Let $T$ be a triangular region in $\mathbb{R}^2$ defined by $x\geq 0, y\geq 0, x+y\leq 1$:
a) Describe the boundary of $T$
b) Prove that the point $(0.0001, 0.9998)$ is an interior point of $T$
Attempt:
For a), the boundary of $T$ is formed by all the points on the $y-$axis and $x-$axis.
For b), by inspection $0.0001+0.9998=0.9999<1$. Then if it is an interior point. Note that there exists an open ball of radius $0.0001$ around $(0.0001,0.9998)$, $B_{0.0001}(0.0001,0.9998)$; such that $B_{0.0001}(0.0001,0.9998)\subset T$. Therefore $(0.0001,0.9998)$ is an interior point.
I think more generally, it would be to take $\varepsilon > 0$ such that $\varepsilon \leq 0.0002$.

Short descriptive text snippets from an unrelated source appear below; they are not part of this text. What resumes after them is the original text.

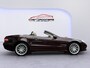 Mercedes-Benz SL 350 /Apple Carplay/Elektr. Stoelen+MEM/Stoelverw.+verkoeling/Leder/19" LMV/Bluetooth/Multifunctioneel stuurwiel/(MET GARANTIE*)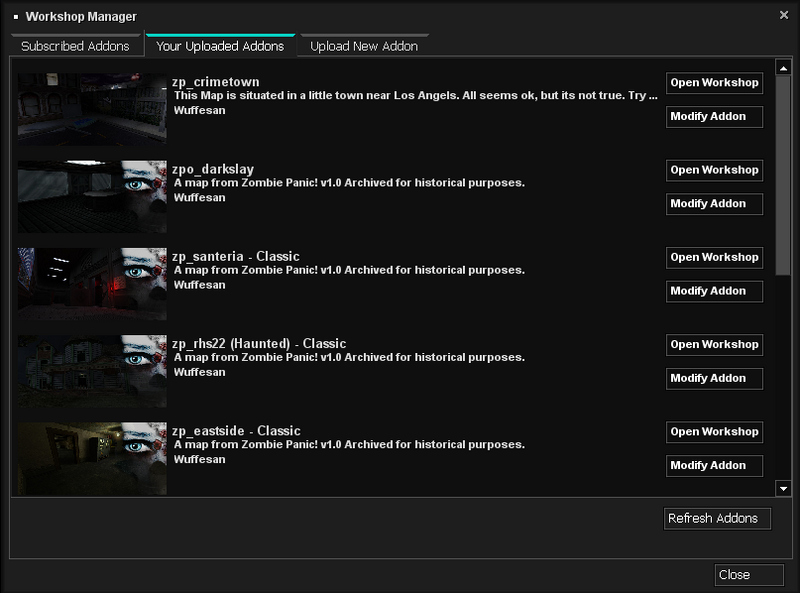 File:Zp1 workshop img03.png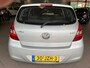 Hyundai i20 1.4i Dynamic Airco APK 2-27 BJ 2009 !!!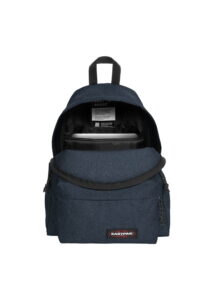 AI26-eastpak-EK0A5BG426W_1_P.jpg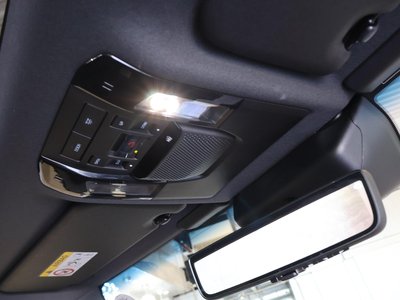 صورة مصغرة 47 لـ 2024 Toyota LAND CRUISER 250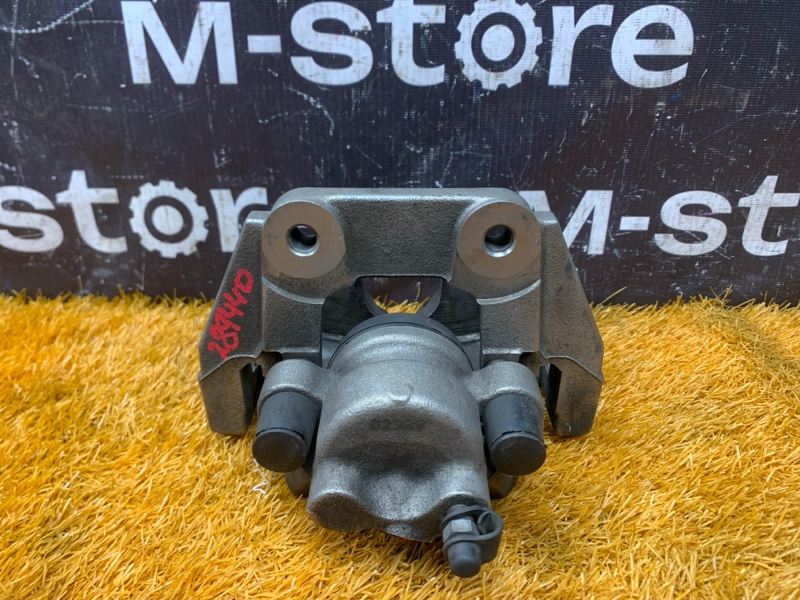 суппорт, 2500 рублей, Красноярск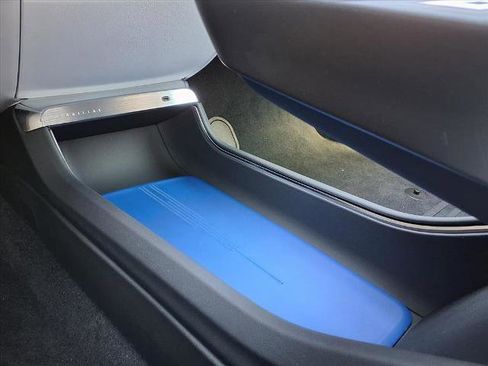 New 2026 Cadillac Lyriq Premium Sport image 21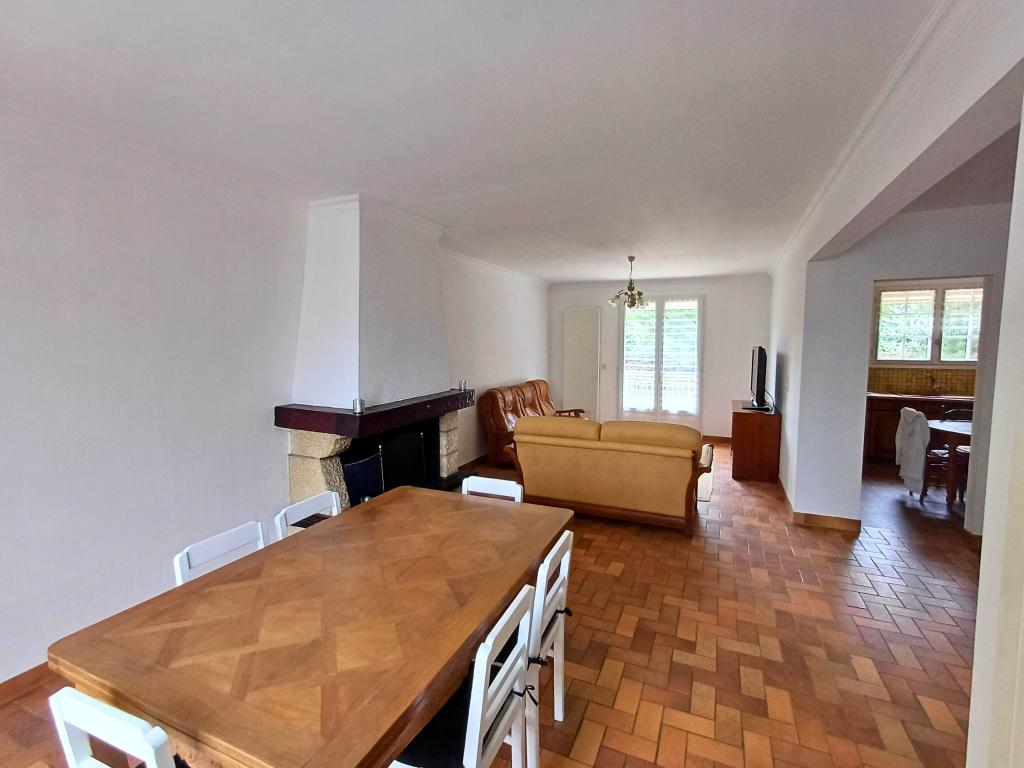 Location chambre Nantes - Photo 2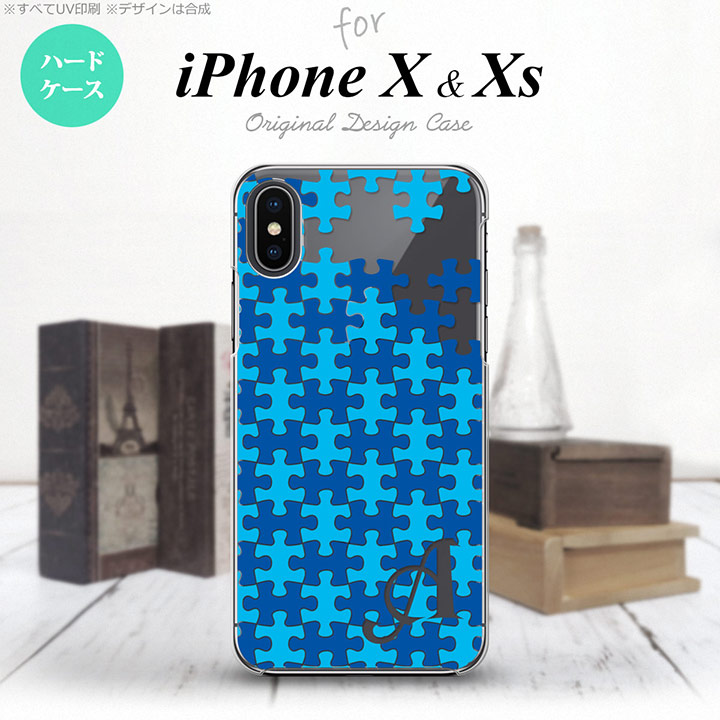 楽天市場】【iPhoneX】【スマホケース/スマホカバー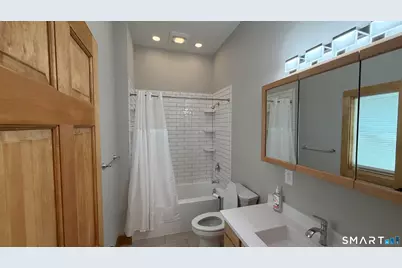 [Address not provided], Monroe, CT 06468 - Photo 6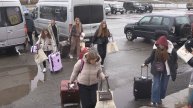 ОТ ДОНЕЦКА ДО КАМЧАТКИ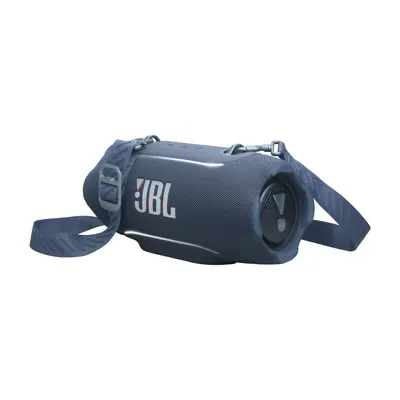 JBL Xtreme 5 Portable Bluetooth Speaker Blue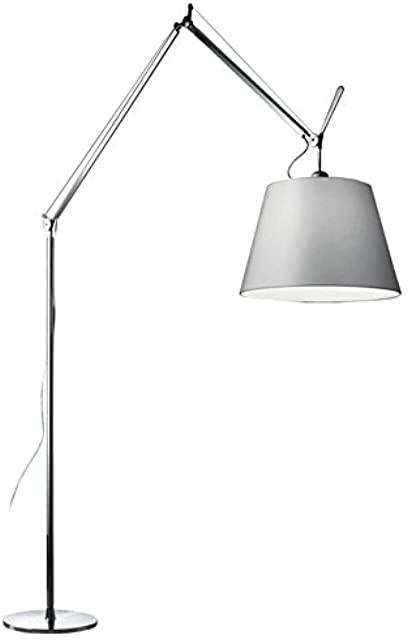 Miglior artemide piantana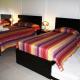Hotel Arenal Country Inn, Фортуна - Фото 10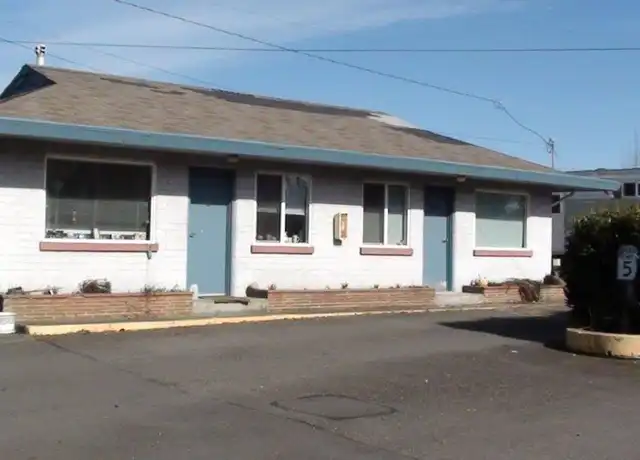 Property at 24426 Pacific Hwy S Unit 42, Kent, WA, 98032, 1 bed, 1 bath, [object Object]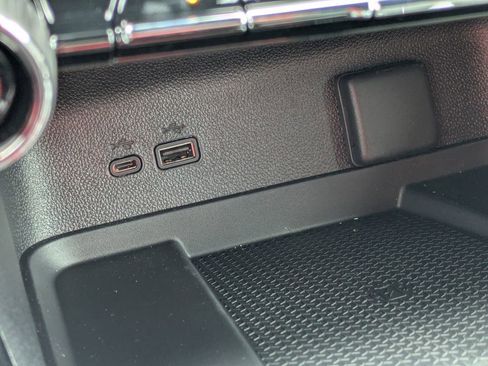 New 2026 Chevrolet Suburban Premier RWD image 30
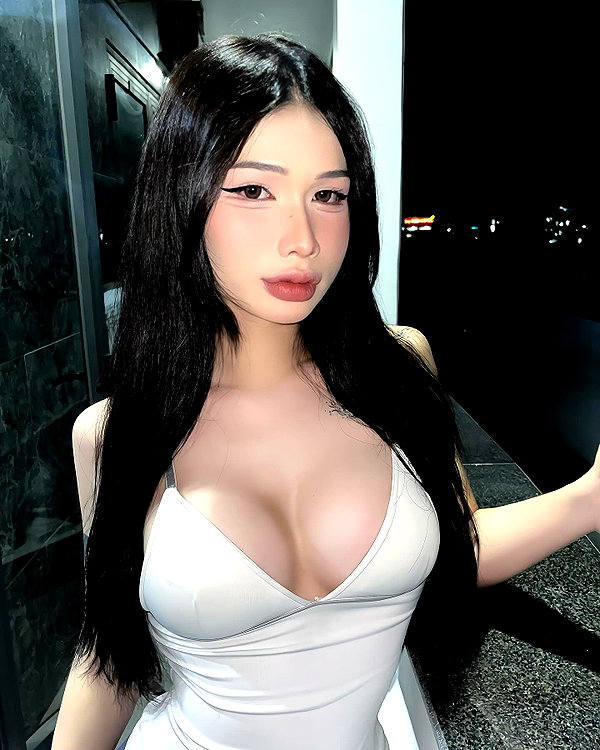 bbydannn instagram image archive image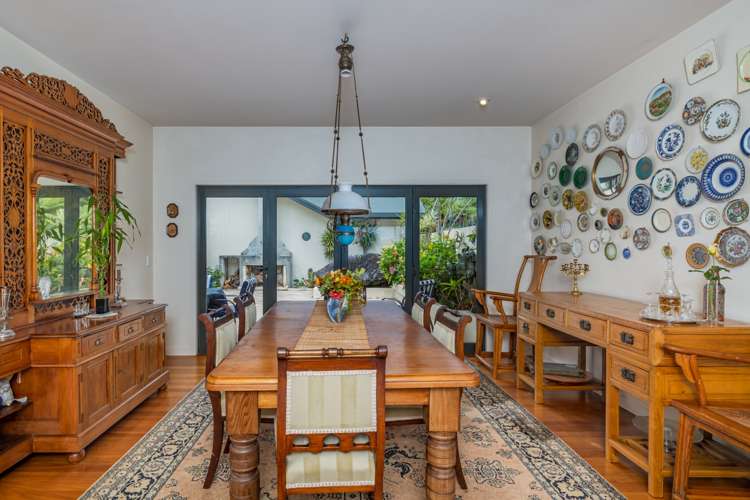 43z Blue Gum Lane Kerikeri_8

The three bounding lines meet at three points. \begin{align*} &x=0, y=0 : & &(0,0) \\ &x=0, x+y=1 : & &(0,1) \\ &y=0, x+y=1 : & &(1,0) \\ \end{align*} The region $T$ is the interior of the triangle formed by those three vertices.
The boundary of $T$ is the union of three line segments, one from $(0,0)$ to $(0,1)$, one from $(0,1)$ to $(1,0)$, and one from $(1,0)$ to $(0,0)$.
We can also specify these symbolically. $$ \{ (0,y) : y \in [0,1]\} \cup \{(t,1-t):t \in [0,1]\} \cup \{(x,0) : x \in [0,1]\} $$
(b) We test that the given point satisfies the strict version of the bounding inequalities (so is in the interior): \begin{align*} x &= 0.0001 > 0 \text{ is true,} \\ y &= 0.9998 > 0 \text{ is true, and} \\ x+y &= 0.9999 < 1 \text{ is true.} \end{align*} The given point satisfies all three strict constraints, so is an interior point of $T$.